About The Resilience Institute

The Resilience Institute is part of WWU Huxley’s College of the Environment. It facilitates scholarship, education, and practice on reducing social and physical vulnerability through sustainable community development, as a way to minimize loss and enhance recovery from disasters in Washington State and its interdependent global communities.

Wednesday, March 26, 2008

Covering Up What They Already Told Us

The Associated Press is running a story about how the American Society of Civil Engineers (ASCE) has been accused of covering up reconnaissance study findings related to the 9/11 attacks and Hurricane Katrina. I don't have much insight on this, though I do respect Dr. Ray Seed -- a professor cited as one of the "whistle blowers." Obviously, there is no point to doing reconnaissance if you do not take every opportunity to reveal and learn from failures.
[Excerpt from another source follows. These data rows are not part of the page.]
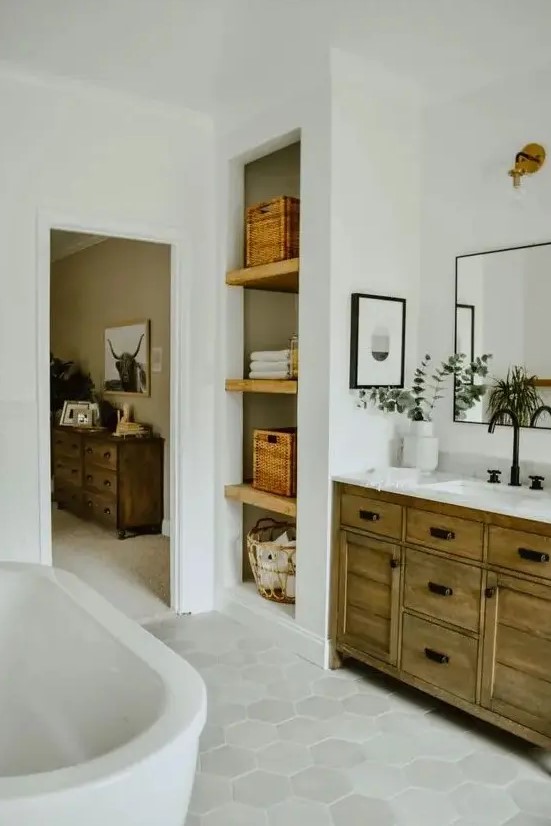 a modern country bathroom with white subway and hexagon tiles, a stained wooden vanity and built in shelves plus an oval tub
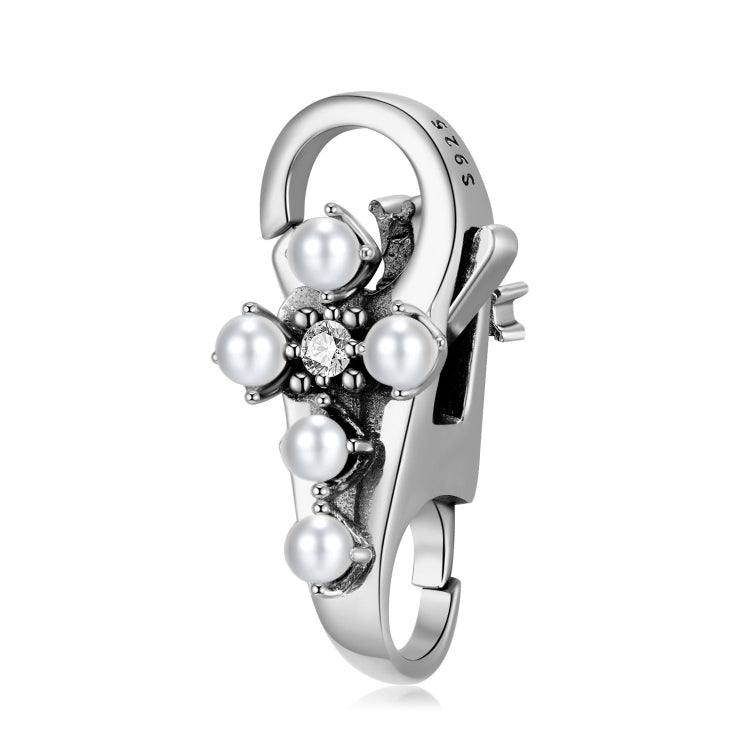 A sterling silver lobster clasp in a cross design with imitation pearls on the cross.
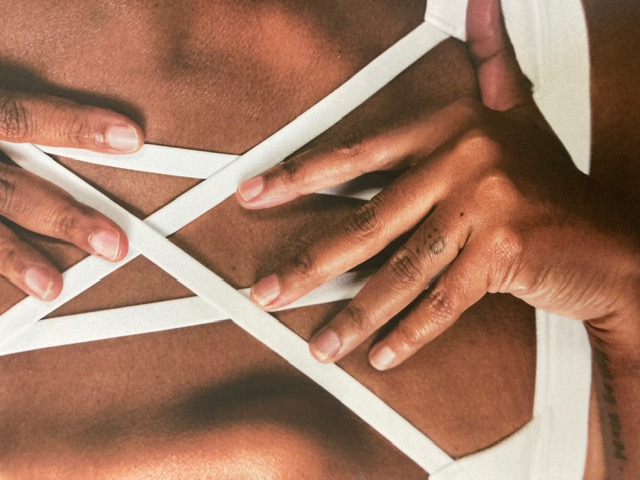 Close-up of a practitioner's hands and white sports-bra straps on a client's back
That said, the ASCE has been putting out a report card on the US's infrastructure since 1988. And let me tell you, they don't pull any punches in that report card. If you click the above link, you'll see our infrastructure's overall "GPA" is a depressing (scary?), big fat "D." (There is no grade above a C; though the ASCE did not look at infrastructure like fiber optics and cellular networks, which I assume would rank higher.) They estimate that the US needs to invest $1.6 Trillion dollars in the next five years to get our infrastructure up to snuff.

So perhaps the ASCE did cover up small (?) details in their reconn reports. But excuse me if I'm not that upset with them. They have been trying to tell us something much bigger for 20 years: the condition of our nation's infrastructure is severely increasing our risk of disaster.